Abstracts

Rationale: Fenfluramine (FFA) has been shown in 2 randomized, placebo-controlled clinical trials to substantially reduce the frequency of convulsive seizures in children and young adults with Dravet syndrome (DS, median % reduction compared with placebo, 54% and 65%). FFA had been previously marketed as a weight loss drug for obese adults but was withdrawn following reports of valvular heart disease (VHD). Here we report an update on the cardiovascular safety of patients with DS treated for up to 3 years.

Methods: Patients who successfully completed one of the three phase 3 trials were eligible to enroll in this open-label extension (OLE) study (NCT02823145). Upon entry into the OLE, all patients started FFA at 0.2 mg/kg/day. After 4 weeks, the dose could be titrated based on efficacy and tolerability to a maximum of 0.7 mg/kg/day (maximum 26 mg/day) or 0.4 mg/kg/day (maximum 17 mg/day) for patients concomitantly receiving stiripentol. During the OLE, all patients were assessed with transthoracic echocardiography (TTE) using a priori standardized methods and blinded readings in accordance with American Society of Echocardiography standards for echocardiography core laboratories (Douglas, 2009). TTEs were performed at OLE entry, then after 4-6 weeks, and every 3 months thereafter. VHD was defined as ≥ moderate mitral regurgitation (MR) and/or ≥ mild aortic regurgitation (AR) and physical signs or symptoms attributable to valve disease (eg, structural lesion/restriction of valve movement of the aortic or mitral valve, abnormal left ventricular systolic function with depressed left ventricle ejection fraction, left ventricle dilatation, left atrial enlargement).

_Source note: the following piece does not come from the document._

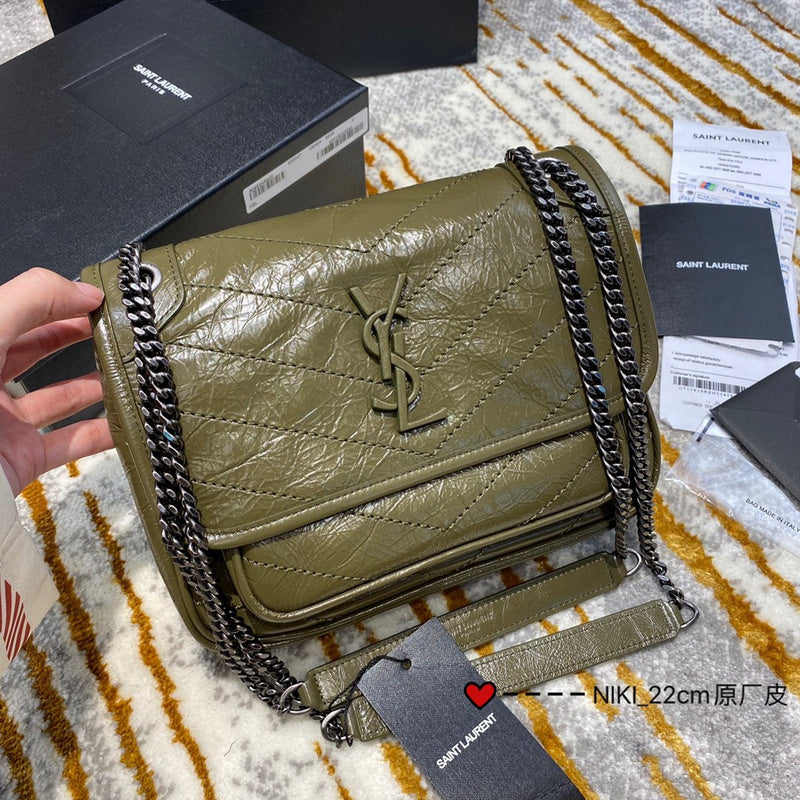 Yves Saint Laurent - Bags - The Wells Bags  383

Systolic pulmonary artery pressure >35 mmHg (measured by tricuspid regurgitant jet velocity) was considered evidence of pulmonary artery hypertension (PAH).

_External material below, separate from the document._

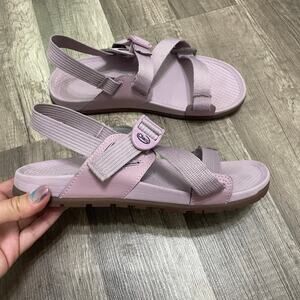 Chaco Lowdown Sandals – Orchid (Style JCH199864) – Women’s Size 7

Results: As of 11/30/2021, 327 patients had enrolled in the OLE and received at least 1 dose of FFA (mean age at enrollment [±SD], 9.2±4.7 years; 46.5% female). A total of 262, 191, and 100 patients had echocardiograms after 12, 24, and 36 months of treatment in the OLE, respectively. A total of 3308 TTEs have been conducted (mean±SD per patient, 10.1±3.2) during the study. A single patient (0.3%) had a finding of mild MR (considered physiologic) during the study, and no patients demonstrated moderate or greater MR during the OLE. A single patient (0.3%) demonstrated mild (considered pathologic) AR at Month 15—a finding that triggered additional investigation. A transesophageal echocardiogram (TEE) performed 6 weeks later found absent AR with trace MR. No abnormalities of valve morphology were found on TEE or on TTE. No VHD or PAH was observed in any patient during the OLE.

Conclusions: This study is the largest, longest, and most rigorous prospective examination of the cardiovascular safety of FFA, and its results continue to demonstrate absence of clinically significant VHD or PAH. These data support a positive benefit-risk profile for FFA in the treatment of patients with DS.

Funding: Please list any funding that was received in support of this abstract.: Zogenix, Inc.